Timothy Bradford - Thursday, November 8th at 7 pm - The Jacobson House -- Timothy Bradford is the
author of the introduction to Sadhus (Cuerpos Pintados, 2003), a
photography book on the ascetics of South Asia, and Nomads with Samsonite
(BlazeVOX [books], 2011), a collection of poetry. Currently, he is a Visiting
Assistant Professor at Oklahoma State University
Gerald Stern and Anne Marie Macari
Poetry
Reading and Reception
Thursday, November 15, 7-9pm
Performing Arts Studio | Norman Depot
A
Conversation with the Authors
Friday, November 16, 3-5pm
Lab Theatre | Old Science Hall 200
Gerald Stern was born in Pittsburgh,
Pennsylvania, in 1925. His recent books of poetry are Early Collected Poems:
1965-1992 (W. W. Norton, 2010), Save the Last Dance: Poems (2008); Everything
Is Burning (2005); American Sonnets (2002); Last Blue: Poems
(2000); This Time: New and Selected Poems (1998), which won the National
Book Award; Odd Mercy (1995); and Bread Without Sugar (1992),
winner of the Paterson Poetry Prize.
His other books include Leaving Another
Kingdom: Selected Poems (1990); Two Long Poems (1990); Lovesick
(1987); Paradise Poems (1984); The Red Coal (1981), which
received the Melville Caine Award from the Poetry Society of America; Lucky
Life, the 1977 Lamont Poetry Selection of The Academy of American Poets,
which was nominated for a National Book Critics Circle Award; and Rejoicings
(1973).
About his work, the poet Toi Derricotte has said,
"Gerald Stern has made an immense contribution to American poetry.
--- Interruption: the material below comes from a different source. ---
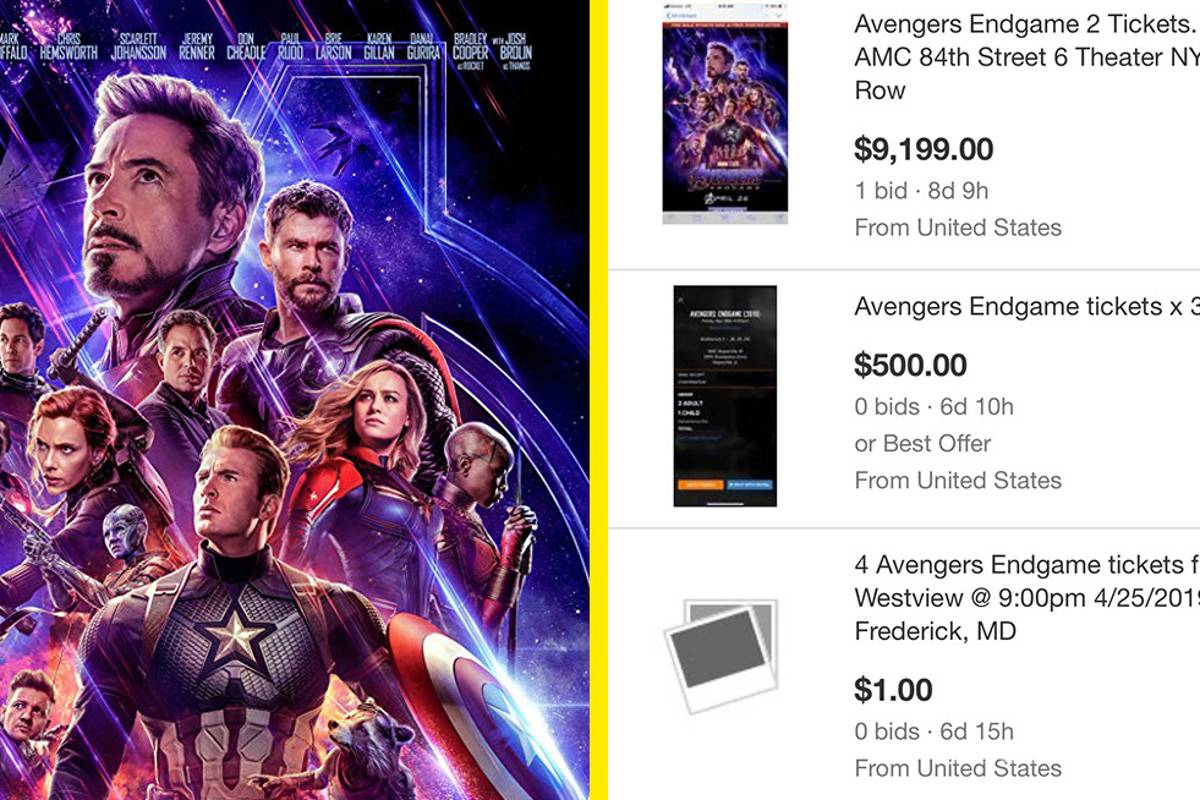 Boletos de Avengers: Endgame en reventa por más de 5 mil dólares en eBay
His
poems are not only great poems, memorable ones, but ones that get into your
heart and stay there. Their lyrical ecstasies take you up for that moment so
that your vision is changed, you are changed. The voice is intimate, someone
unafraid to be imperfect. Gerald Stern’s poems sing in praise of the natural
world, and in outrage of whatever is antihuman."
His honors include the Paris Review's
Bernard F. Conners Award, the Bess Hokin Award from Poetry, the Ruth Lilly
Prize, four National Endowment for the Arts grants, the Pennsylvania Governor's
Award for Excellence in the Arts, the Jerome J. Shestack Poetry Prize from American
Poetry Review, and fellowships from the Academy of American Poets, the
Guggenheim Foundation, and the Pennsylvania Council on the Arts. In 2005, Stern
was selected to receive the Wallace Stevens Award for mastery in the art of
poetry.Stern was elected a Chancellor of the Academy of American Poets in 2006.
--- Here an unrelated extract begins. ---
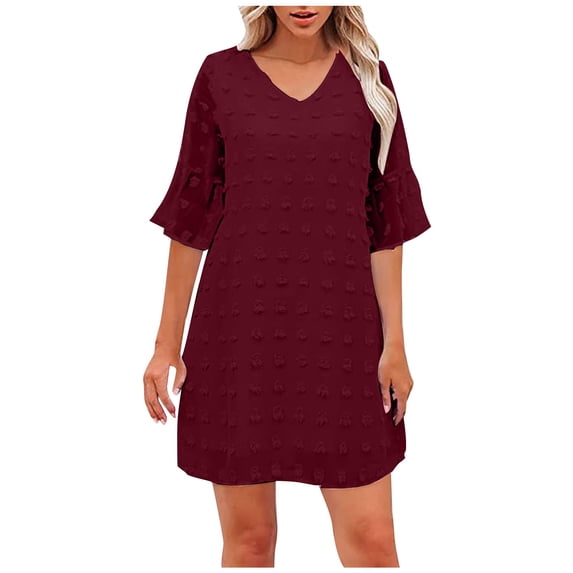 QUYUON Summer Mini Dress Women Summer Chiffon Ruffle Short Sleeve V-Neck T-Shirt Dresses Casual Loose A-Line Tunic Dress Wedding Guest Evening Party Short Dresses Style D-2645 Wine XXXL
For many years a teacher at the University of Iowa Writers' Workshop.
Anne Marie Macari is an American poet.
Her most recent book is She Heads Into the Wilderness (Autumn House Press,
2008). Her first book won The APR/Honickman First Book Prize in Poetry. Her
poems have been published in many literary journals and magazines, such as
TriQuarterly, Bloomsbury Review, Shenandoah, The American Poetry Review, Five
Points, The Cortland Review and The Iowa Review, and in anthologies including
From the Fishouse (Persea Books, 2009) and Never Before: Poems About First
Experiences (Four Way Books).
A graduate of Oberlin
College, she holds an MFA in creative writing from Sarah Lawrence. Macari has
taught on the faculty of the Prague Summer Seminars.
She was born in
Queens, New York and lives in Lambertville, New Jersey. She is the director of
the Drew University Low-Residency MFA Program in Poetry and Poetry in
Translation. She is also a member of the Alice James Books Cooperative Board.